On her first day, Hannah learns that her writing group is tasked with developing The Field Guide for the Urban Male which is sort of like something you’d find in a birdwatcher’s manual; funny, not corny funny but smart. The group needs to define eight lifestyle segments for the guide with unique looks or images; men who appear to lead glamorous lifestyles and use upscale merchandise that can be easily found in store windows and catalogs. Thus far, the group has come up with three segments:

The Millennial Man’s Man

Mr. Midnight, and

The Gowanus Yachtsman (for those of you not from New York, the Gowanus Canal is a poisonously polluted. super-fund site.)


Playground for the Gowanus Yachtsman

Bravo, Lena Dunham and your team of writers!

At her first writer’s group meeting, Hannah, in a surge of creativity, comes up with two additional segments for The Field Guide for the Urban Male:

Cool Dad, spelled Kewl. The kind of dad who’s not trying to be the coolest dad in the world but embraces networks where cool people hang out. He has a kind of Bill Cosbyish coolness that makes him cool. He’s a natural for embracing a whole range of sophisticated, upscale products that enhance his kewlness.

How would the real Bill Cosby react to Kewl Dad? I can imagine him facetiously editing in retro packages of Jello in a Kewl Dad advertorial. Or expressing how outraged he is by the very concept of Kewl Dad, as an authentic real Dad on Charlie Rose.

Imagine the real Kewel daddy sneaking in packets from an old Jello commercial

Then Hannah comes up with The Cabbaler, a dissident who’s a little sleazy, out looking for sex but he’s also spiritual. He’ s like “I’m gonna fuck some serious enlightenment into you!” Of course he has a widows peak and wears Yoga draw string pants. Can’t you just see the Cabbaler in a G.Q. inspired lifestyle piece puffing on a an e-cig? He gives you a menacingly seductive look that says I’m gonna fuck your brains out!

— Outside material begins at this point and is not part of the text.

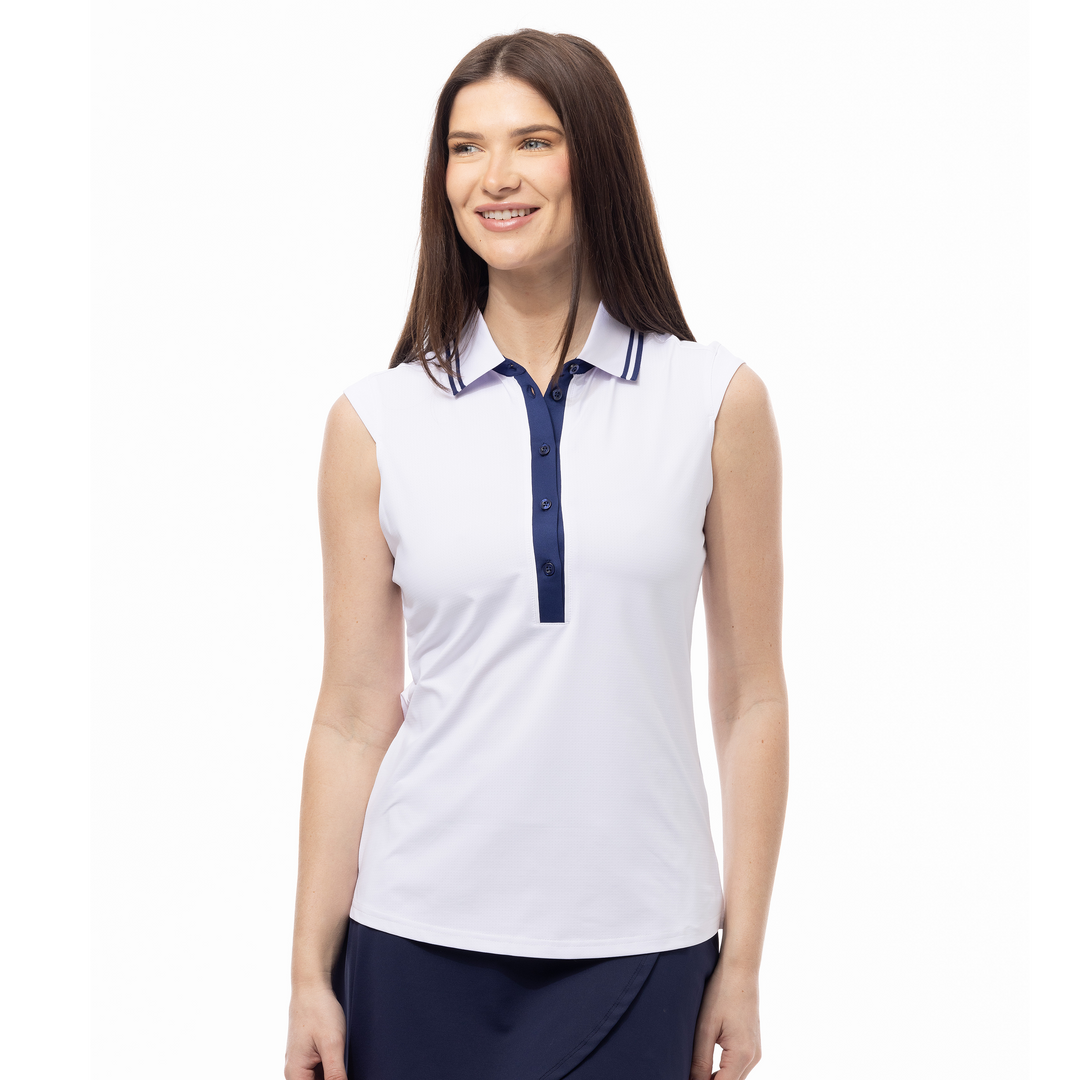 SanSoleil Tipped SolairCool Solid Sleeveless Polo [2026]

Cabbaler puffing on a high priced blu e-cig

Have any of the women reading this post ever heard of James Dean, the one way back from the 1950’s? He’s even more menacing and may even be a better fuck than the Cabbaler. And he smoked real cigs!

James Dean

Hannah is on a high after her first writer’s group meeting. Karen a member of the group, tells her as she munches contentedly on Sun Chips, that she’s really talented and predicts she’ll wind up getting their boss’s job

Karen compliments Hannah

But Hannah doesn’t want her boss’s job. She tells Karen and the others in the group that she’s not a corporate advertiser, working for the man kind of writer, but a real writer. “But we’re all writers,” Karen answers. And Hannah learns that Kevin won the Yale Series for Younger Poets award. Karen had some great pieces published in N + 1, a digital magazine of literature. And Joe had a talk piece in The New Yorker, barely a year out of college. And they all write, from time to time. Karen is kicking around some ideas and so are the others. But they’ve all been at G.Q. from five years to forever, hooked on the free snack as it were.

Hannah's writerly colleagues at GQ

Hannah has to recover from these revelations by running to the ladies room and soaking her head in the sink.

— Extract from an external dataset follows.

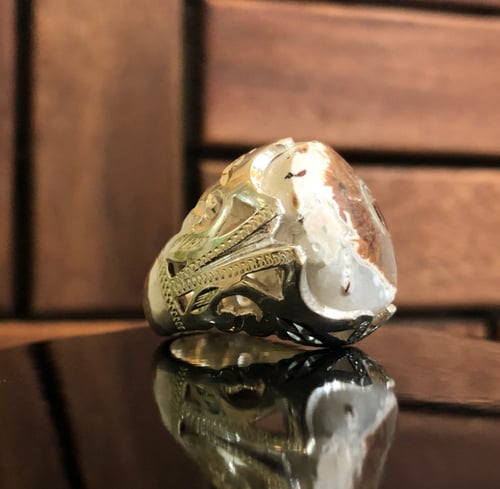 خاتم الفضة عقيق يمني عين الذيب حجم راهي صياغة حجاز...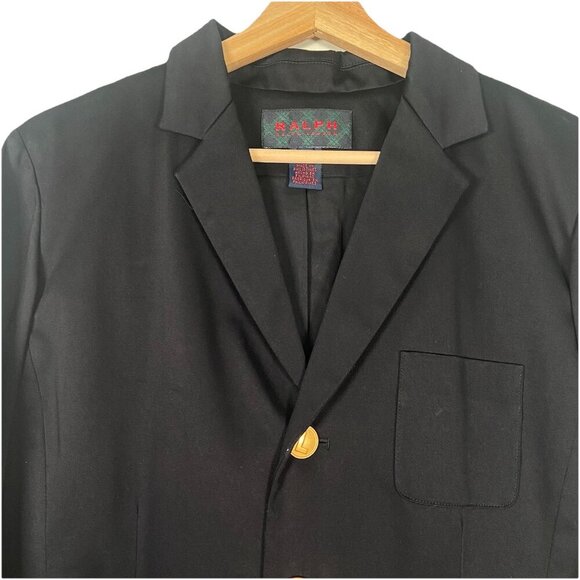 Vintage Ralph Lauren Gold Buttons Black Blazer Size M Equestrian Preppy Cotton - Picture 2 of 8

Hannah soaks her head in a GQ sink to recover

What are Lena Dunham and her team of writers really dramatizing in this episode of GIRLS 3? They’re spoofing the Millennial Man’s Man, Mr Midnight, the Gowanus Yachtsman, Kewel Dad and the Cabbaler as idealized fantasies that say nothing about real men. And by implication, are these lifestyle segments anymore real than the millions of images put out on Facebook, Instagram, Tumblr and, let’s not forget profiles on the ubiquitous dating websites? Do these images authentically describe the people who upload them? Or are they doppelgangers, idealized fantasy doubles, glamorous stand-ins for the real people with physical and emotional blemishes who dream them up?

Ray is right at the beginning of the episode when he tells Hannah people are being brainwashed by advertorials. But a clever advertorial writer at G.Q. – one not nearly as talented as Hannah – could easily write a whole piece on Ray casting him as a Cabbaler, starting with how frustrated he gets when he tries to fuck some sense into Marnie. Or is it visa versa? Imagine Marnie in a Cosmopolitan advertorial in The Field Guide for the Urban Female revealing how useful Victoria’s Secret thongs are when she tries to fuck some serious enlightenment into Ray.

Marnie caballer 1

The real truth is that Ray and Marnie are two decent, empathetic new millennials struggling to get validation and empathy from each other.

If he were alive today, Aldous Huxley in an updated edition of Brave New World, would surely expand his definition of soma – a hallocinogen used in the future that takes users on enjoyable, hangover-free holidays to escape the truth of life – to include advertorials, Intagrams, Facebook posts, Tweets, dating website profiles and news reporting as entertainment. Today’s high tech soma. What Lena Dunham and her team of gifted writers do in GIRLS 3, much better than in earlier seasons, is spoof these mind numbing soma with biting satire that dramatizes what life is really like today for new millennials.